As the Nazirs prepare for Kal’s funeral, each scene that unfolds is uniformly sensitive and dignified in its subtlety with the exception of Ken's tactless comment about looking forward to witnessing a muslim funeral, and Roy presenting a cheque to the family on behalf of Carla. Let's be honest, knowing all three characters as we do, neither of these incidents would have happened.

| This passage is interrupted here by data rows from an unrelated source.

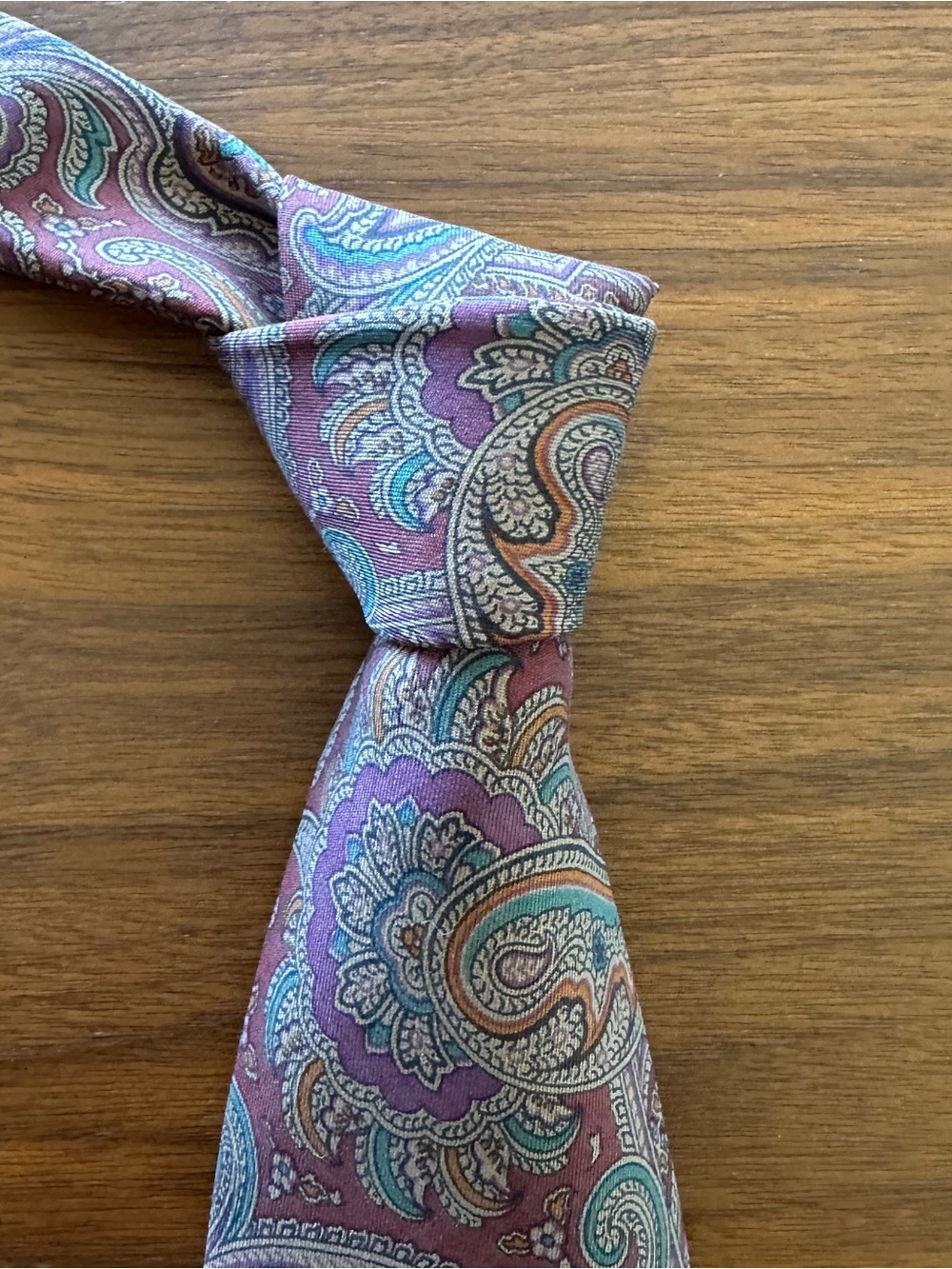 Coach Purple Paisley Silk Tie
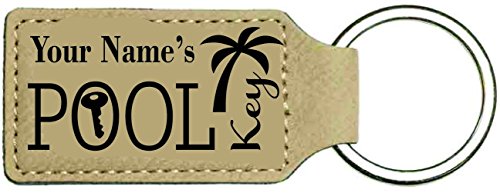 Engraved Personalized Leatherette Pool Key Chain with Your Name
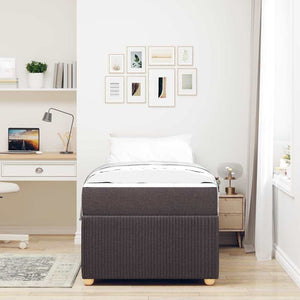 vidaXL Bed Frame with Mattress Dark Brown 90 x 190 cm Fabric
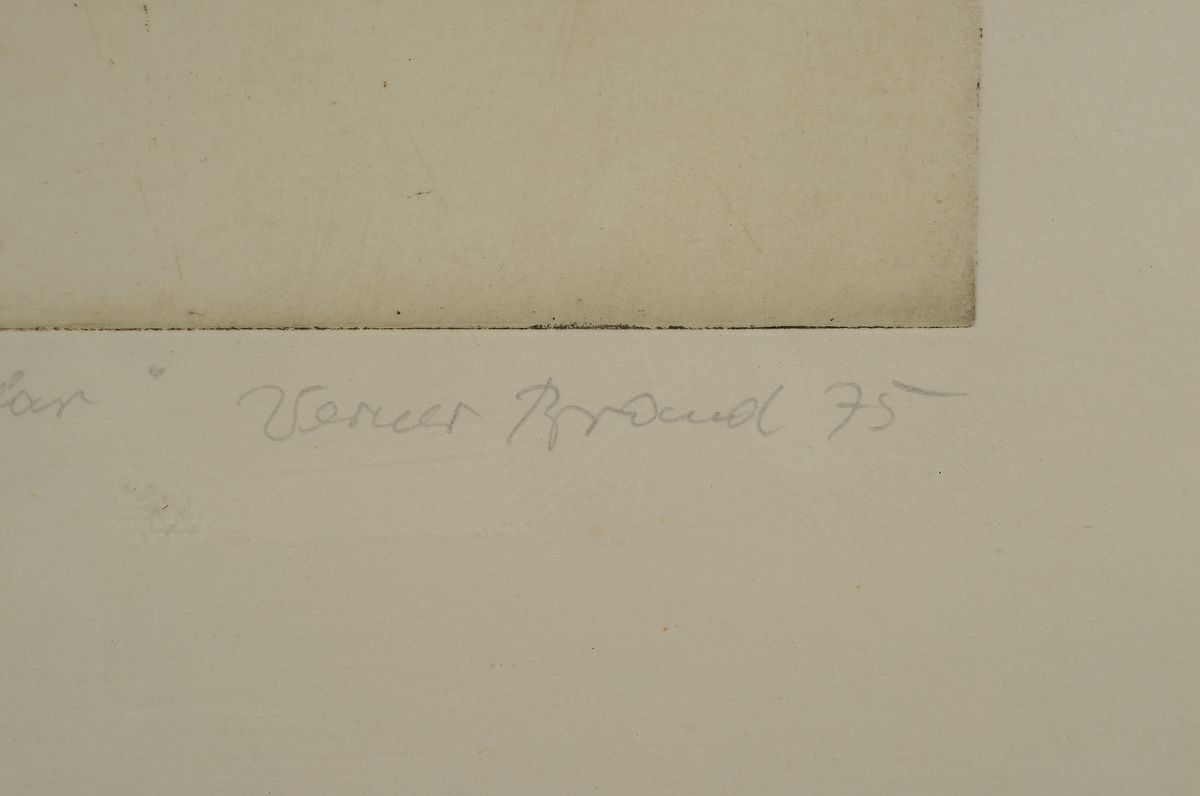 Detail a: Werner Brand, geb. 1933 Löbau, lebt und arbeitet in der Pfalz, 2 Radierungen: der Jubilar, von 1975, signiert, bez. 2. Zustandsdruck, ca. 34x26cm, ...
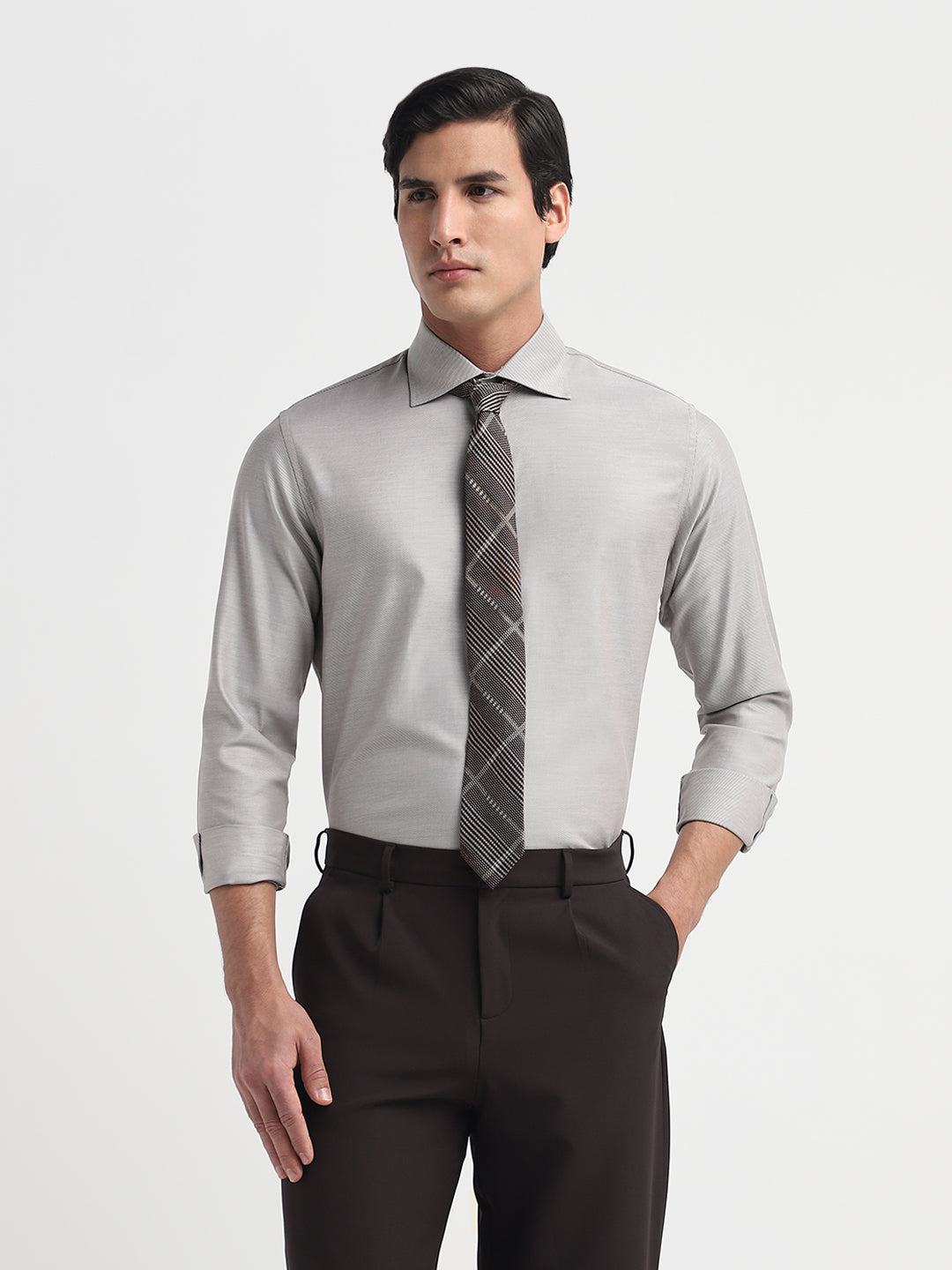 Brown Spread Collar Slim Fit Shirt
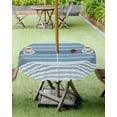 thumbnail image 4 of nqOlkjepod Blue Ombre Stripe Outdoor Tablecloth with Umbrella Hole & Zipper, Farmhouse Striped Gradient Round Table Cover 60 Inch, Dining Waterproof Table Cloth Protector for Patio/Party/Picnic, 4 of 7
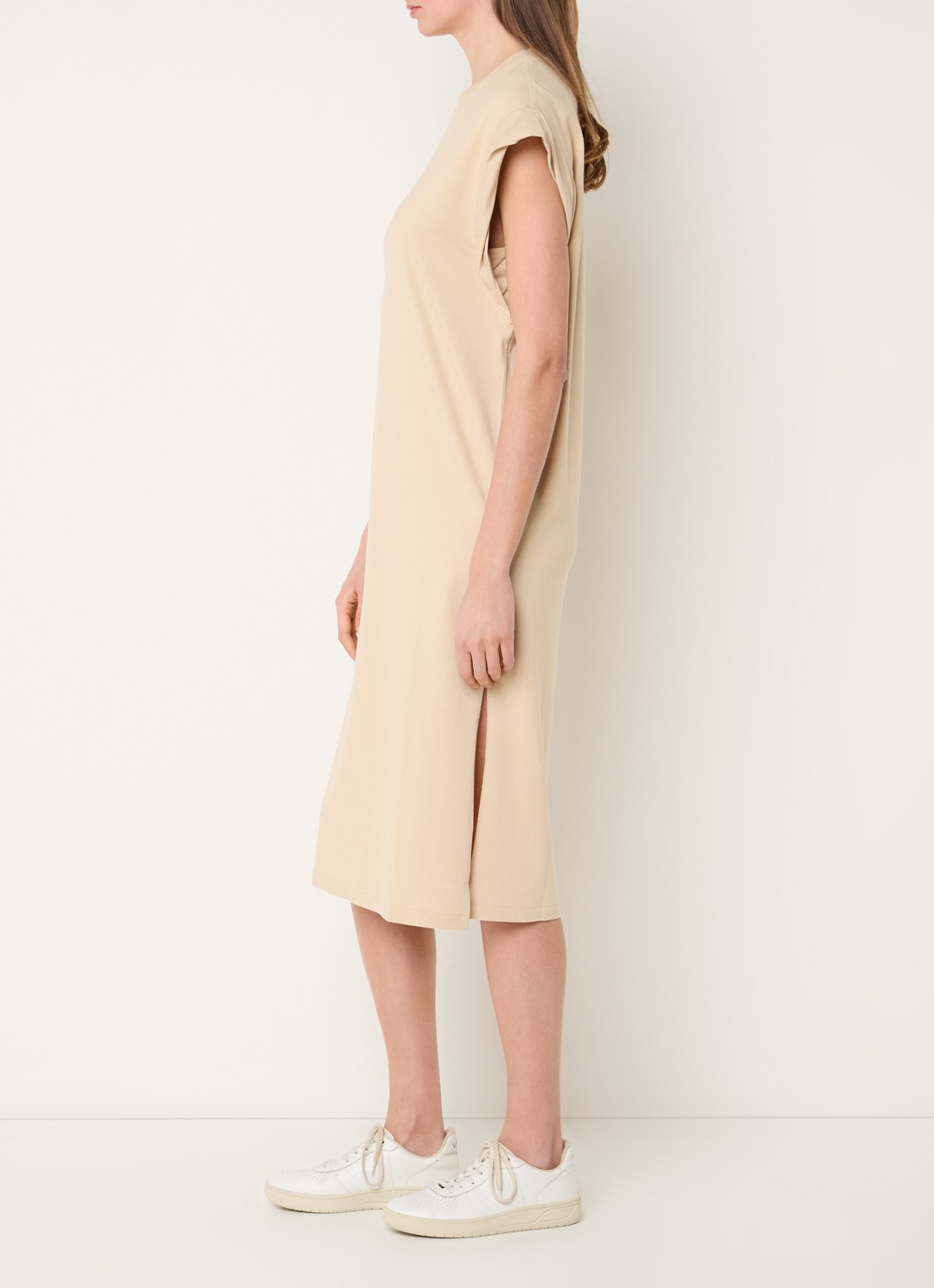 BOSS C_Edress_5 midi T-shirt jurk met split  - voorkant 3 open beige-287 / beige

There is a poignancy to Sharif worrying about Zeedan while he himself is grieving, and it was a lovely touch to have Ken empathise with him about losing a child and express his gratitude that Kal saved Amy. The silent tears at the muslim funeral are very moving, as are the scenes between Zeedan and Alya, and Yasmeen and Sharif who talk about their heroic son in the garden. She declares herself sorry for setting the bar too high “I should’ve let him be more ordinary,” she laments, “he’d still be with us now”. But Sharif says they did that together, and it’s what made him the leader and hero he was.
Zeedan wishing for one more minute with his father to tell him he looked up to him, and Alya replying that some things don’t need to be said was a beautiful scene. Qasim Akhtar has really come into his own, and I find myself enjoying any scene he is in at the moment. Alya pledges to stay working with Carla with a view to using her and setting up on her own and this has me pondering her possible involvement in Carla's exit story later this year.
Both Todd and the Nazirs tend to evoke differing opinions among fans, but as far as I'm concerned, these episodes were all the better for having both families centre stage.